I did experience some setbacks and strains from too much walking and knitting. I had serious difficulty turning over in bed … but it passed. I had personal assistants and home nurses when I was ill. The community care nurses stopped coming right away after the course. I told my assistants I no longer needed them, and they should look for a new job. They did stay on for a while after the course, though. I was extraordinarily pleased with myself and enjoyed life in all ways. Being active and able to do exactly what I wanted without any thoughts of consequences was marvellous. My old mental patterns had been deleted from the hard disk.
My GP was right, I did need a full year to train myself back into shape with good working muscles. One year after the LP course I climbed a high mountain; three hours, 400 meters, even some rock climbing. Only five days later I suddenly took terribly ill, with some strange symptoms in my back, extreme headache, severe shivers and vomiting. I was petrified! My first thought was that I had contracted ME again. One of my neighbours rushed over and after half an hour she called for an ambulance. I was taken directly to the hospital. A CT scan of my brain followed. After just a few minutes the doctor came back in and said they had found a cerebral haemorrhage! My reaction probably seemed utterly absurd to her… I was simply so very relieved and happy. “I am so happy you found something”, I said – I had not caught ME again.
Only five days later I suddenly took terribly ill, with some strange symptoms in my back, extreme headache, severe shivers and vomiting. I was petrified!

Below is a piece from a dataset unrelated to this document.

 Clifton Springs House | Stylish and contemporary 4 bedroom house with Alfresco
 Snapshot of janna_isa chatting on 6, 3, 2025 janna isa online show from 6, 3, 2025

The time that followed was hard though. I had to be mindful of the haemorrhage and not overexert myself. I suffered a lot of headaches and sense of tiredness, and naturally did not feel too well. This started the fretting again. This reminded me of the ME. I felt scared and begun checking myself for symptoms that I could recognise … not good! I kept this up for a few weeks, and then suddenly I plunged into total exhaustion and bedrest. During this whole period I had been in contact with Live several times. I now got urgently back in touch. She guided me back into safety and the certainty that I was recovered from the ME, and I got back on my feet really fast, within the hour, in fact!
Two years have passed since the LP course, and what a wonderful time it has been. I have done lots of travelling, to Spain, to Trondheim, to Oslo, to the south coast of Norway. I have spent a lot of time with my family. Babysitting. Hiking in the woods. Climbing mountains. I can do anything I want whenever I want to, and I love living my life.